Von Irina Steinmann 18.08.2006, 15:45

Wittenberg/MZ. - Seit Donnerstag steht das Brandenburger Tor bei ihr in der Collegienstraße. Wie auch das Gros der Kunst im Schaufenster, eine Aktion der Werbegemeinschaft Altstadt anlässlich der heutigen "Erlebnisnacht", sich auf Wittenbergs Flaniermeile konzentriert. Es gibt aber Ausnahmen.

Ein paar Straßen weiter, in der Jüdenstraße, hat Petra Töpfer gleich die gesamte Auslage ihrer Doppel-Boutique freigeräumt für die Kunst auf Zeit. Links, wo sonst schicke Damenmode lockt, sind jetzt Aquarelle zu sehen, Wittenberger Stadtansichten und Blumen, rechts, bei den "Herren", die sich so etwas, wie Frau Töpfer vermutet, vielleicht noch lieber anschauen, räkeln sich Akte in Pastell.
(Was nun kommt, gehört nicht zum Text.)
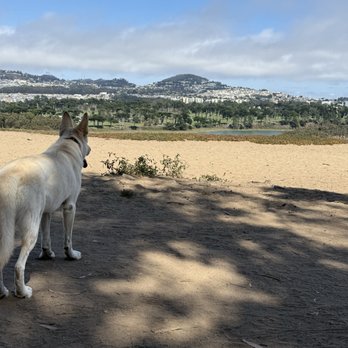 Mutt and Tumble Dog Training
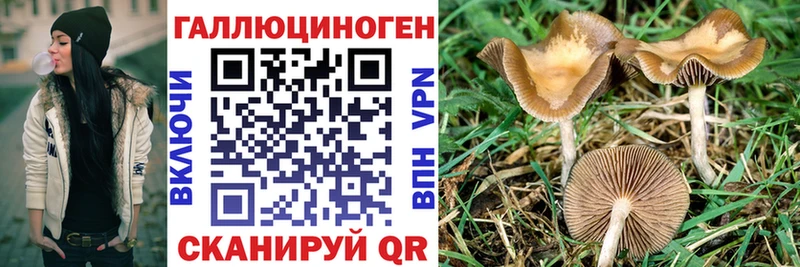Галлюциногенные грибы Cubensis  Сатка 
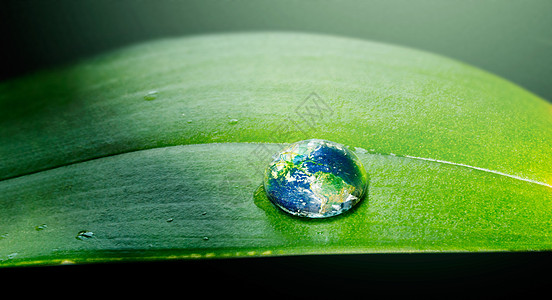 地球上植物大自然在水中繁衍 叶子上滴水的近距离镜头背景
Beides sind Werke ihrer Kundin Maria Herrmann, die eigentlich als Diplom-Chemikerin ihre Brötchen verdient.

Für die Modebranche, räumt Petra Töpfer ein, sei der gegenwärtige Zeitpunkt ausgesprochen günstig, Kunst statt Kleidung zu zeigen, denn wer wollte jetzt schon Herbst- und Wintermode sehen? Dass das Bastelgeschäft von gegenüber ihr ohne Umschweife Staffeleien ausgeliehen hat, ist für sie ein weiterer Beleg dafür, dass die - zuweilen geschmähte - Jüdenstraße in Wahrheit "eine ganz tolle Straße" ist.

Neun Teilnehmer verzeichnet die Liste der Werbegemeinschaft Altstadt insgesamt (die MZ berichtete), doch nicht überall wird der Kunstfreund wie angekündigt auf Werke treffen. Rainer Zimpel hob am Samstagmittag die Hände. Nein, von Bleisatz, der bei ihm zu sehen sein soll, wisse er nichts. Man habe ihn wohl vergessen. Es wäre aber sowieso schwierig geworden, etwas zu zeigen: Unterhalb der Schaufenster von Menz-Optik, deren Filialleiter er ist, klafft derzeit der Abgrund der Bach-Baustelle.

Es ist aber auch das genaue Gegenteil zu beobachten, unerwarteter Zuwachs an Akteuren. Gerade im Umfeld des Cranach-Hauses Schloss-Straße 1 wurden, ganz privat, Schaufenster zu Ausstellungsflächen hergerichtet. Die Wittenberger Künstlerin Ulrike Kirchner hat die Auslagen der früheren Buchhandlung "Wunschmann", die auch sonst von der Malschule genutzt werden, mit ihren Bildern und Figuren ausgefüllt. Und links daneben, in der "Cranach"-Apotheke, dachte sich die Apothekerin einfach: Der Name Cranach verpflichtet. Und Birgit Biernoth malt und ihre Tochter auch. So kam der Mohn ins Schaufenster.

Gut möglich, dass die Kunstaktion des Handels zur Erlebnisnacht 2006 keine Eintagsfliege bleibt.